• TASK:
Each entry that follows should be retyped exactly.

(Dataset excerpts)
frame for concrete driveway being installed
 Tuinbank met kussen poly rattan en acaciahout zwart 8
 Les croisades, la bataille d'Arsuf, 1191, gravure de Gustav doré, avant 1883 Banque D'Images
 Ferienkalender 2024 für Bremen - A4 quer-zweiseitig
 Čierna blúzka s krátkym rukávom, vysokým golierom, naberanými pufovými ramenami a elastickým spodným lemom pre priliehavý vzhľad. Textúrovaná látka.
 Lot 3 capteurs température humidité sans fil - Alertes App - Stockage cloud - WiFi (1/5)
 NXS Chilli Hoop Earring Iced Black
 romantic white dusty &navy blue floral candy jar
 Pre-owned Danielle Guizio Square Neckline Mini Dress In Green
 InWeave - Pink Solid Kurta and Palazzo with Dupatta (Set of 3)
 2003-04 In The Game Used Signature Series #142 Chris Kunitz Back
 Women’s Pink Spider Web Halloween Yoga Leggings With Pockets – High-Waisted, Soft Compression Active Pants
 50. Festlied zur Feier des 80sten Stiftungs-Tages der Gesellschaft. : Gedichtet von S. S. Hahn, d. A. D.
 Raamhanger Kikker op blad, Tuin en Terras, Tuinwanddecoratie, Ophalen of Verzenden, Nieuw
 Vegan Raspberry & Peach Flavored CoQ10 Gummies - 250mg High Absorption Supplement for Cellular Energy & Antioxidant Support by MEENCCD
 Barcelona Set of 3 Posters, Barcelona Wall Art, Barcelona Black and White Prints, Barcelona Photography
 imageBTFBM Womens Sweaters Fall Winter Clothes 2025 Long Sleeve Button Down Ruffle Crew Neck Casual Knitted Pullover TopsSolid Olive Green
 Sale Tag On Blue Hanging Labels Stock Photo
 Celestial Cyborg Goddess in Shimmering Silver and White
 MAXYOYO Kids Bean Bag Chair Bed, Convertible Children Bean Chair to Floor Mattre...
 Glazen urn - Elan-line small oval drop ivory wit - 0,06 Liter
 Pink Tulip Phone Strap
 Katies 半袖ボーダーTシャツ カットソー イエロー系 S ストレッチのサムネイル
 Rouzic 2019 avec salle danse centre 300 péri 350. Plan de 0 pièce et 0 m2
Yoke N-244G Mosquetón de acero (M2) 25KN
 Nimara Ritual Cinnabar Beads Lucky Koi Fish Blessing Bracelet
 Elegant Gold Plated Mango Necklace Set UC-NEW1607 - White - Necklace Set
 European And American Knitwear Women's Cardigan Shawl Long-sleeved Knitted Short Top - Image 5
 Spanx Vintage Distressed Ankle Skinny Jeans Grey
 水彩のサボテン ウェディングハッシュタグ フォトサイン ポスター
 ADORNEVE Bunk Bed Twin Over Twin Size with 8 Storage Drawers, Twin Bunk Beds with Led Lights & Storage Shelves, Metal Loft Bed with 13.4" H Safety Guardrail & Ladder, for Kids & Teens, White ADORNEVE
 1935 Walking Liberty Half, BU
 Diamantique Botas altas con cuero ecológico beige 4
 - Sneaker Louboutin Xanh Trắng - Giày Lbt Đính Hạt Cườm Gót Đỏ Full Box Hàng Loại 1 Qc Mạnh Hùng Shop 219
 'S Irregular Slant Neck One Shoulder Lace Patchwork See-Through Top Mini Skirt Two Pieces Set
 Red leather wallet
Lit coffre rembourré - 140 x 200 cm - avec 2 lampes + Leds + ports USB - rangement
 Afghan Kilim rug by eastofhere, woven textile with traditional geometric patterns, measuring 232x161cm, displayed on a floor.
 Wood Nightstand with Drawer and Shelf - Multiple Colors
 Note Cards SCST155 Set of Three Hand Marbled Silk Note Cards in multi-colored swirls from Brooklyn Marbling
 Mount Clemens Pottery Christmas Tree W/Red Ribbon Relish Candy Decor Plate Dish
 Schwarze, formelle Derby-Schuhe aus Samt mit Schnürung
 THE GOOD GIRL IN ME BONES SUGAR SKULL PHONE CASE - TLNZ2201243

• RESPONSE:
frame for concrete driveway being installed
 Tuinbank met kussen poly rattan en acaciahout zwart 8
 Les croisades, la bataille d'Arsuf, 1191, gravure de Gustav doré, avant 1883 Banque D'Images
 Ferienkalender 2024 für Bremen - A4 quer-zweiseitig
 Čierna blúzka s krátkym rukávom, vysokým golierom, naberanými pufovými ramenami a elastickým spodným lemom pre priliehavý vzhľad. Textúrovaná látka.
 Lot 3 capteurs température humidité sans fil - Alertes App - Stockage cloud - WiFi (1/5)
 NXS Chilli Hoop Earring Iced Black
 romantic white dusty &navy blue floral candy jar
 Pre-owned Danielle Guizio Square Neckline Mini Dress In Green
 InWeave - Pink Solid Kurta and Palazzo with Dupatta (Set of 3)
 2003-04 In The Game Used Signature Series #142 Chris Kunitz Back
 Women’s Pink Spider Web Halloween Yoga Leggings With Pockets – High-Waisted, Soft Compression Active Pants
 50. Festlied zur Feier des 80sten Stiftungs-Tages der Gesellschaft. : Gedichtet von S. S. Hahn, d. A. D.
 Raamhanger Kikker op blad, Tuin en Terras, Tuinwanddecoratie, Ophalen of Verzenden, Nieuw
 Vegan Raspberry & Peach Flavored CoQ10 Gummies - 250mg High Absorption Supplement for Cellular Energy & Antioxidant Support by MEENCCD
 Barcelona Set of 3 Posters, Barcelona Wall Art, Barcelona Black and White Prints, Barcelona Photography
 imageBTFBM Womens Sweaters Fall Winter Clothes 2025 Long Sleeve Button Down Ruffle Crew Neck Casual Knitted Pullover TopsSolid Olive Green
 Sale Tag On Blue Hanging Labels Stock Photo
 Celestial Cyborg Goddess in Shimmering Silver and White
 MAXYOYO Kids Bean Bag Chair Bed, Convertible Children Bean Chair to Floor Mattre...
 Glazen urn - Elan-line small oval drop ivory wit - 0,06 Liter
 Pink Tulip Phone Strap
 Katies 半袖ボーダーTシャツ カットソー イエロー系 S ストレッチのサムネイル
 Rouzic 2019 avec salle danse centre 300 péri 350. Plan de 0 pièce et 0 m2
Yoke N-244G Mosquetón de acero (M2) 25KN
 Nimara Ritual Cinnabar Beads Lucky Koi Fish Blessing Bracelet
 Elegant Gold Plated Mango Necklace Set UC-NEW1607 - White - Necklace Set
 European And American Knitwear Women's Cardigan Shawl Long-sleeved Knitted Short Top - Image 5
 Spanx Vintage Distressed Ankle Skinny Jeans Grey
 水彩のサボテン ウェディングハッシュタグ フォトサイン ポスター
 ADORNEVE Bunk Bed Twin Over Twin Size with 8 Storage Drawers, Twin Bunk Beds with Led Lights & Storage Shelves, Metal Loft Bed with 13.4" H Safety Guardrail & Ladder, for Kids & Teens, White ADORNEVE
 1935 Walking Liberty Half, BU
 Diamantique Botas altas con cuero ecológico beige 4
 - Sneaker Louboutin Xanh Trắng - Giày Lbt Đính Hạt Cườm Gót Đỏ Full Box Hàng Loại 1 Qc Mạnh Hùng Shop 219
 'S Irregular Slant Neck One Shoulder Lace Patchwork See-Through Top Mini Skirt Two Pieces Set
 Red leather wallet
Lit coffre rembourré - 140 x 200 cm - avec 2 lampes + Leds + ports USB - rangement
 Afghan Kilim rug by eastofhere, woven textile with traditional geometric patterns, measuring 232x161cm, displayed on a floor.
 Wood Nightstand with Drawer and Shelf - Multiple Colors
 Note Cards SCST155 Set of Three Hand Marbled Silk Note Cards in multi-colored swirls from Brooklyn Marbling
 Mount Clemens Pottery Christmas Tree W/Red Ribbon Relish Candy Decor Plate Dish
 Schwarze, formelle Derby-Schuhe aus Samt mit Schnürung
 THE GOOD GIRL IN ME BONES SUGAR SKULL PHONE CASE - TLNZ2201243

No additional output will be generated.